Getting to Equality Means Creating Equitable Opportunities: Update on My Rantings on Affirmative Action
Or, Day 10: 30 Days of My Blah-Blah-Blah
Jia Tolentino nails it in her analysis of the Abigail Fisher Supreme Court case on Jezebel.com. Fisher claims she was unfairly not admitted to UT Austin, the whitest UT location in the state. Tolentino quotes Nikole Hannah-Jones’s 2013 ProPublica piece: “University officials claim in court filings that even if Fisher received points for her race and every other personal achievement factor, the letter she received in the mail still would have said no.”
What’s also not widely known is that Fisher was offered admission to UT Austin her sophomore year if she completed her first year at another UT campus with a GPA of 3.2 or better. Apparently, this is a standard UT offer.

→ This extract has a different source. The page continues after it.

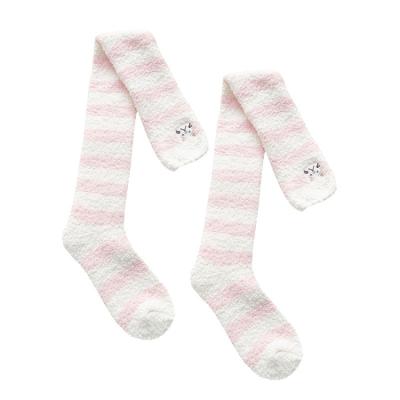 China Women Breathable Home Viable Winter Striped Warm Sleep Socks Plus Velvet Thigh Socks for sale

But this wasn’t in keeping with Fisher’s understanding of what her white privilege should get her, perhaps because the other UT locations are significantly less white. So she declined the offer and decided to have that rich white guy make her a poster child for stupidity.
When Equal Isn’t Equitable
Over the weekend, a friend reminded me that people misunderstand the difference between equitable and equal. Equitable is “fair,” “just,” and “right”; equal is “the same.”
One of the things that Abigail Fisher says, which just makes my eyes roll and my stomach turn, reflects this idea that we are living in some world where race isn’t a negative any more. There are two things wrong with this idea. One is the most obvious: The data show that we have not achieved racial equity in employment, housing, lending practices, or just about any measure you want to choose. Nor do people believe that we have; 61% say more changes are needed, according to a 2016 Pew Research Center survey.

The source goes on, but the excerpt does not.